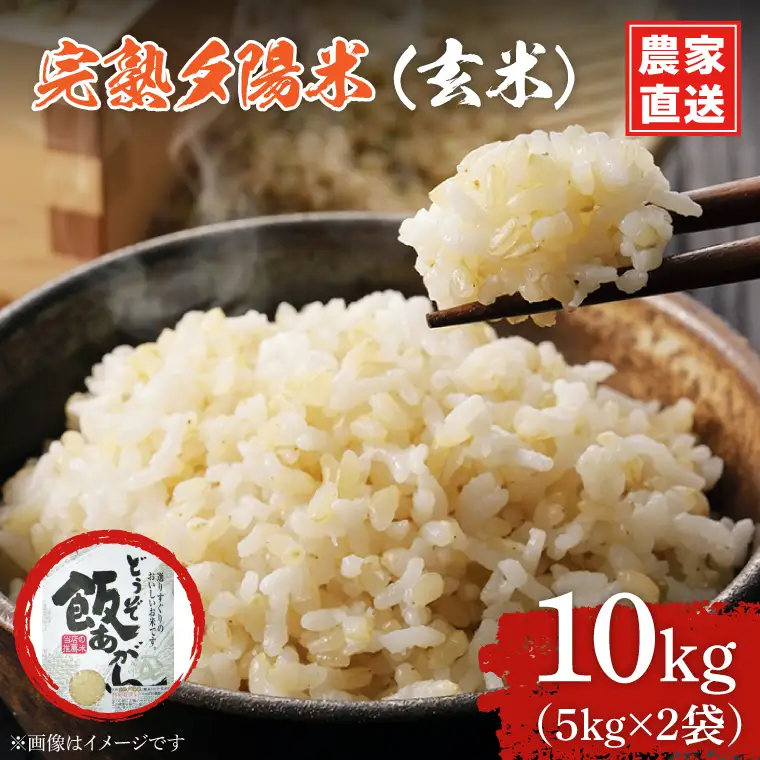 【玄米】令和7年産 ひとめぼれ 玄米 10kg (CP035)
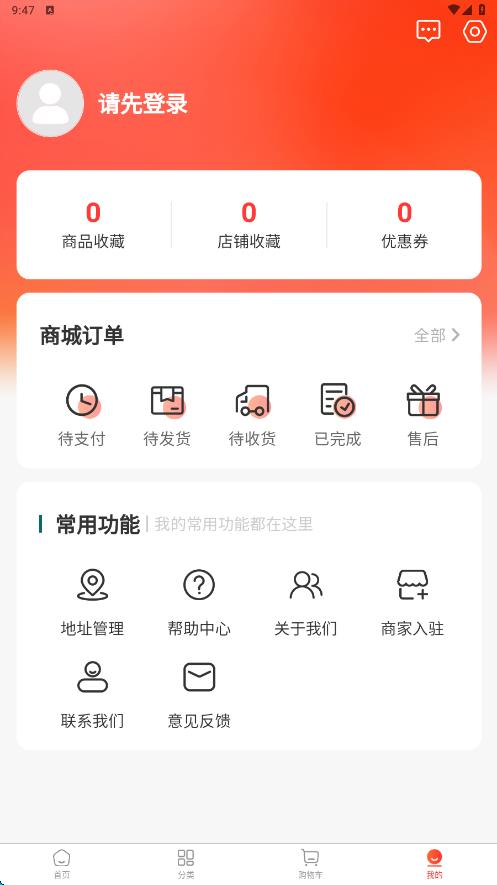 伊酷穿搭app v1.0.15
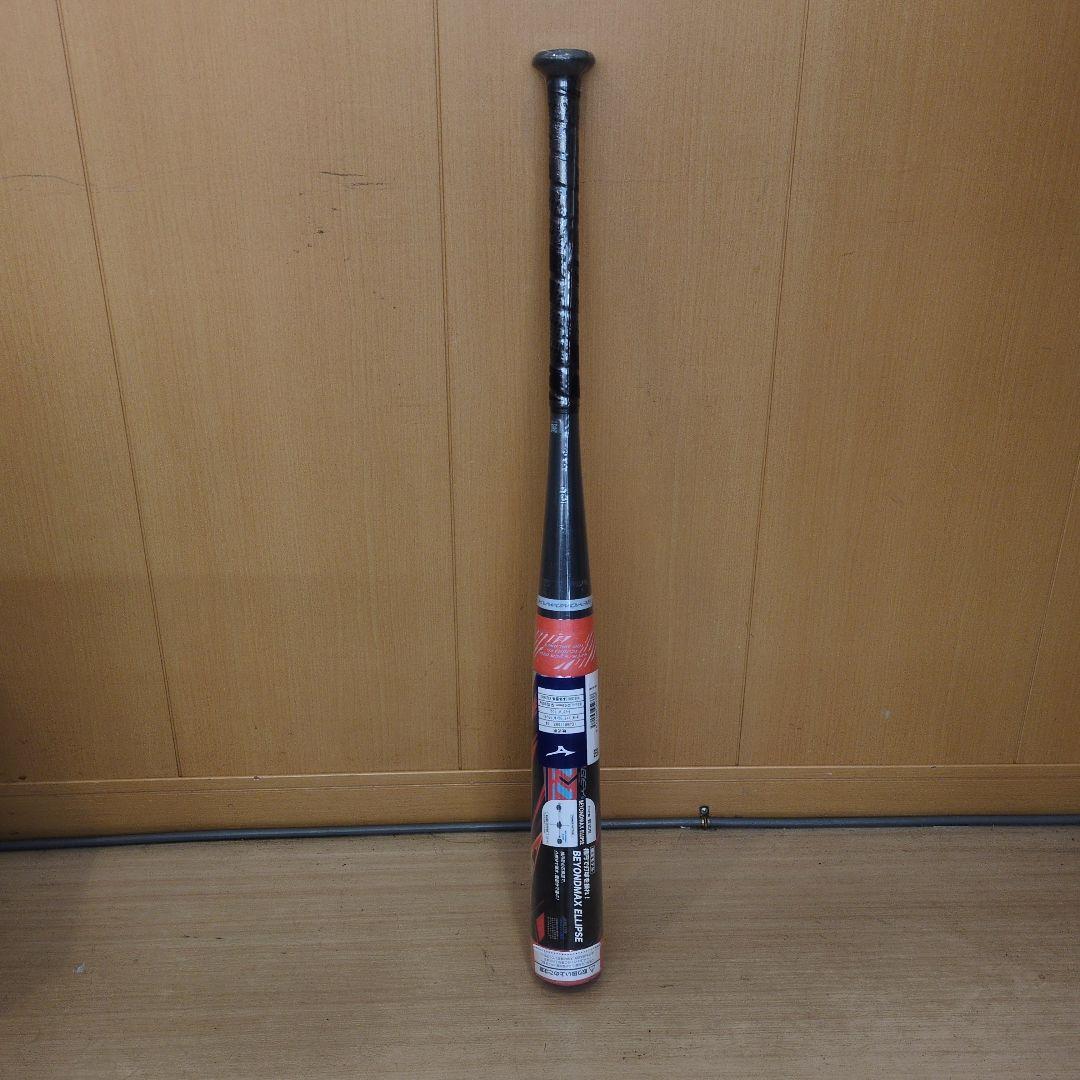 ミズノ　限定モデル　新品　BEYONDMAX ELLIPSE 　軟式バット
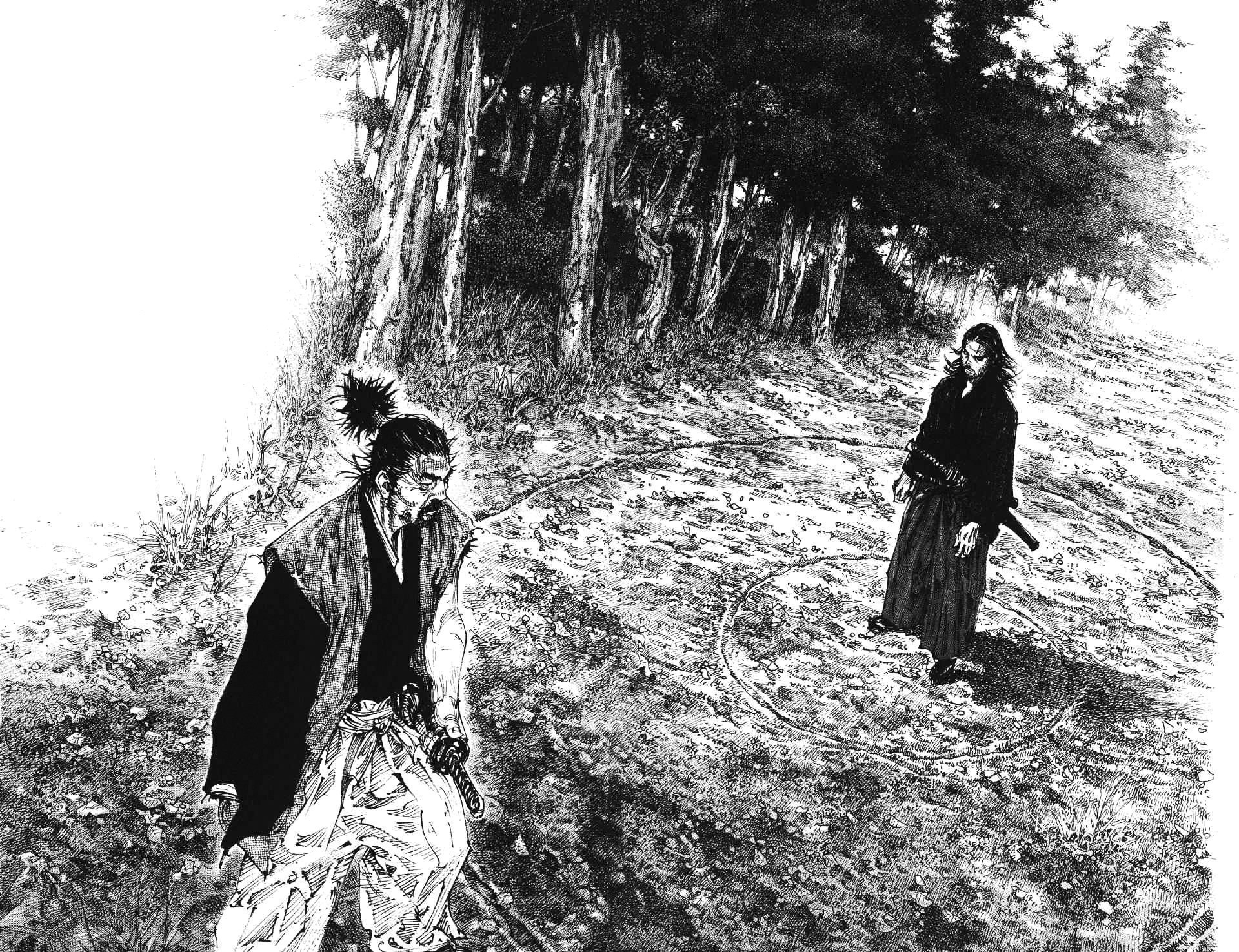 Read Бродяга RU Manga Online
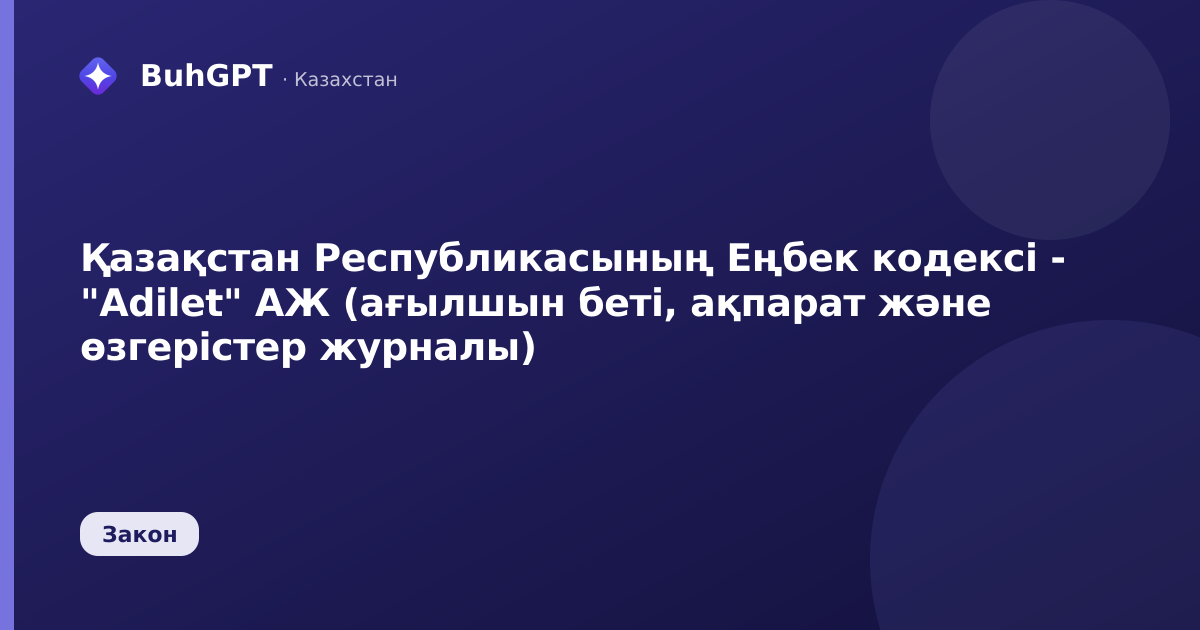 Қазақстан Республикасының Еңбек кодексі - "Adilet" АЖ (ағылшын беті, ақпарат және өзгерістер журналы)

* DIRECTIONS FOR THIS TASK *
Set every line of the records down again exactly, and exclude all pictures.

* RESULT *
 【玄米】令和7年産 ひとめぼれ 玄米 10kg (CP035)
 伊酷穿搭app v1.0.15
 ミズノ　限定モデル　新品　BEYONDMAX ELLIPSE 　軟式バット
 Read Бродяга RU Manga Online
 Қазақстан Республикасының Еңбек кодексі - "Adilet" АЖ (ағылшын беті, ақпарат және өзгерістер журналы)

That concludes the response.